Solving Rush Hour with Solidity (1)

Jenson — Tue, 26 Mar 2024 19:48:19 +0000

Solidity, the popular smart contract programming language for Ethereum, is usually associated with complex financial applications and dApps. But what if we used its logical capabilities for something lighter – a fun puzzle game? In this post, we'll explore how to build a basic Rush Hour puzzle solver using Solidity.

Rush Hour Puzzle

Rush Hour is a sliding block puzzle invented by Nob Yoshigahara in the 1970s. It was first sold in the United States in 1996. It is now being manufactured by ThinkFun (formerly Binary Arts).
https://www.wikiwand.com/en/Rush_Hour_(puzzle)

Let's get it work

Here is the logic optimization board that I draw. Not sure if you can understand it but anyways...
Logic Board

Encoding the park Map

One approach is to represent the entire playing field as a single uint64 which stores as 8 bytes. Each bit in the uint64 can signify a space on the grid. A value of 1 indicates a blocked space (like a fence), and 0 represents an open space (like a parking spot).

 0 0 0 0 0 0 0 0
 0 1 1 1 1 1 1 0
 0 1 1 1 1 1 1 0
 0 1 1 1 1 1 1 0
 0 1 1 1 1 1 1 0
 0 1 1 1 1 1 1 0
 0 1 1 1 1 1 1 0
 0 0 0 0 0 0 0 0

 1 1 1 1 1 1 1 1
 1 0 0 0 0 0 0 1
 1 0 0 0 0 0 0 1
 1 0 0 0 0 0 0 1
 1 0 0 0 0 0 0 1
 1 0 0 0 0 0 0 1
 1 0 0 0 0 0 0 1
 1 1 1 1 1 1 1 1

Encoding the car

Solidity doesn't have a native data type to directly represent a car with its position and orientation.

Bit Manipulation: We can manipulate specific bits within the uint64 representing the grid to indicate the car's location and size based on its length (e.g., setting bits corresponding to the car's position).

 0 0 0 0 0 0 0 0
 0 0 0 0 0 0 0 0
 0 0 0 0 0 0 0 0
 0 1 1 0 0 0 0 0
 0 0 0 0 0 0 0 0
 0 0 0 0 0 0 0 0
 0 0 0 0 0 0 0 0
 0 0 0 0 0 0 0 0

Here, the car occupying position (2, 0) with a horizontal orientation and length 2 could be represented by setting the bits at positions 36 and 37 in the uint256 representing the grid. This effectively translates to 2^36 + 2^37.

Calculating Next Position

Once we have the direction encoded, we can calculate the car's next position based on its current location and the chosen direction. This involves bit shifting operations within the uint64 representing the grid.

For example:
Moving the car right from position (2, 0) (represented by 2^36 + 2^37) would involve shifting the car's bit representation by one position to the right. This translates to dividing by 2: (2^36 + 2^37) / 2 = 2^35 + 2^36.
Moving the car down eight positions would involve shifting the car's bit representation eight positions to the right. This translates to dividing by 2 raised to the power of 8: (2^36 + 2^37) / 2^8 = 2^28 + 2^29.

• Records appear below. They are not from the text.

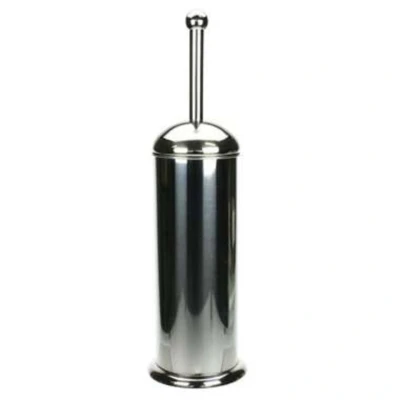 Afbeelding van RVS wc borstel houder 40 cm Toiletborstels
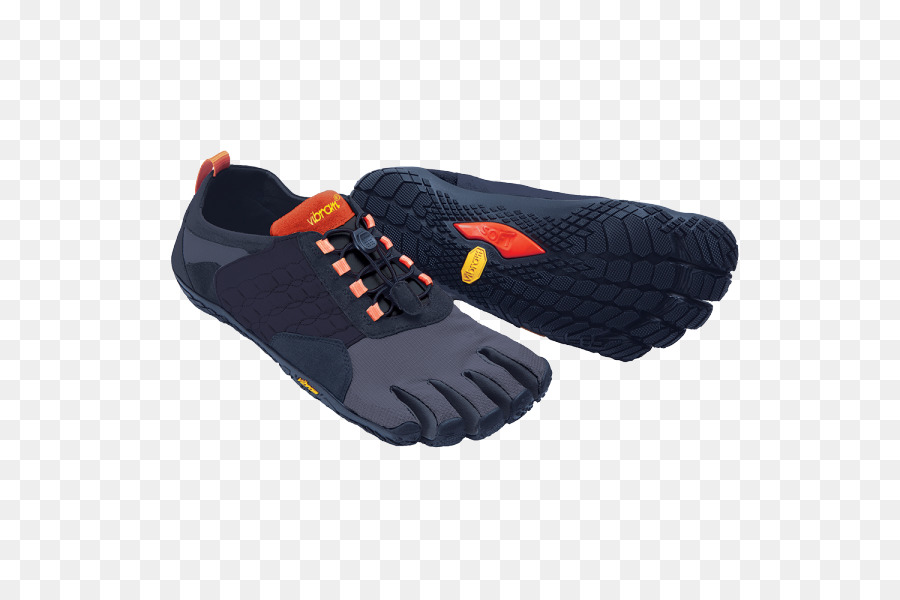 Vibram Fivefingers，Calçado PNG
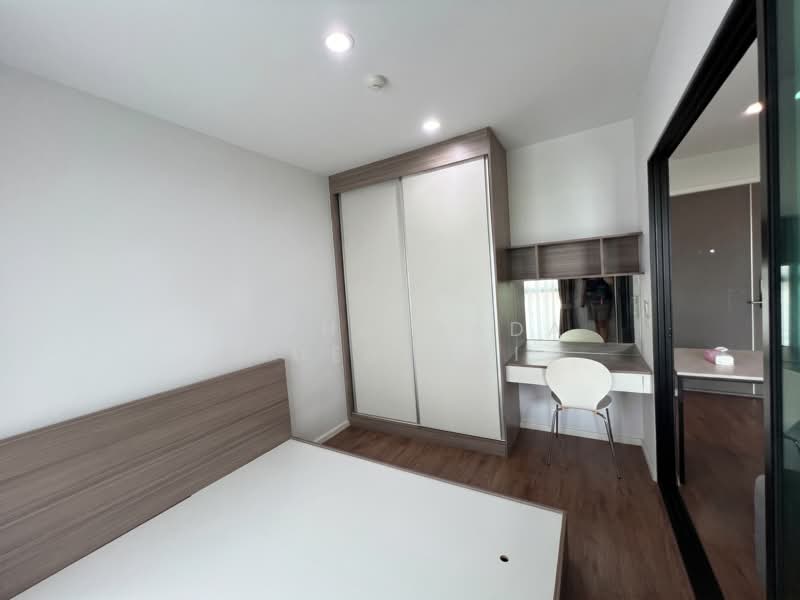 Living Nest Ladprao 44, Bangkok, Soi Lat Phrao 44, Lad Phrao Road, Samsen Nok, Huai Khwang, Bangkok, 1 Bedroom, 29 sqm, Condo For Sale, by Laphasrada Suebthai, 500400540 - DDproperty.com
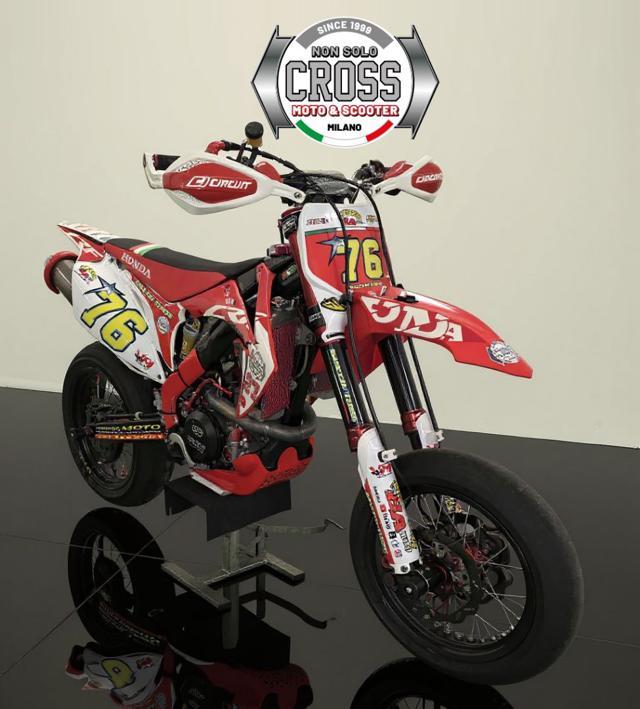HONDA CRF 450 R - ANNO 2009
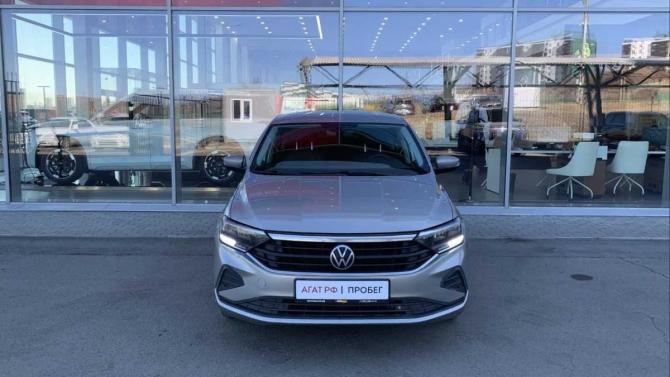 Volkswagen Polo VI с пробегом 2021 года, цена 1 100 000 рублей, 170603 км, лифтбек, Автокод Объявления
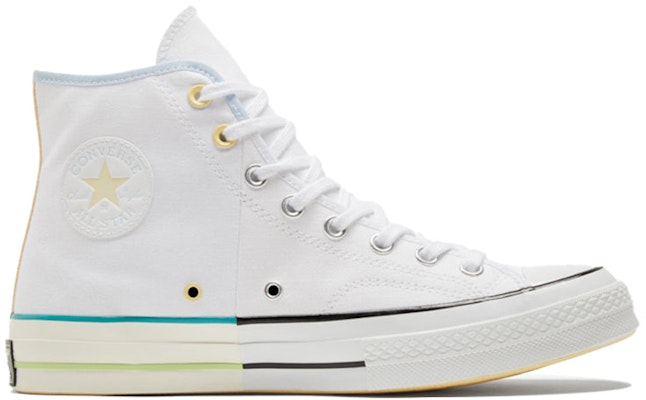 コンバース チャック70 ハイ 'ホワイトパック - シャンブレーブルー' 171179C Order コンバース チャック70 ハイ 'ホワイトパック - シャンブレーブルー' 171179C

Collision Detection with Bitwise Operations

To check if the car's next position is occupied by another car or a fence, we can leverage bitwise operations. Here's the approach:

Exclusive OR: Perform an exclusive OR (XOR) operation between the following:

A uint256 representing the full park map with all bits set to 1 (occupied spaces).
A uint256 representing the fence with only the outer border bits set.
A uint256 representing the car's next position after the movement calculation.
Collision Check: If the result of the XOR operation is greater than 0, it indicates that at least one bit in the car's next position overlaps with either a blocked space or the fence, signifying a collision.

Packing Car Positions

One efficient way that I am using to represent the entire car configuration is to create a single uint64 that holds the bitwise representation of all cars on the grid.

Memoization - Remembering Visited Paths

To optimize the search process, I would like to introduce the concept of memoization. This technique involves storing the results of expensive function calls to avoid redundant calculations.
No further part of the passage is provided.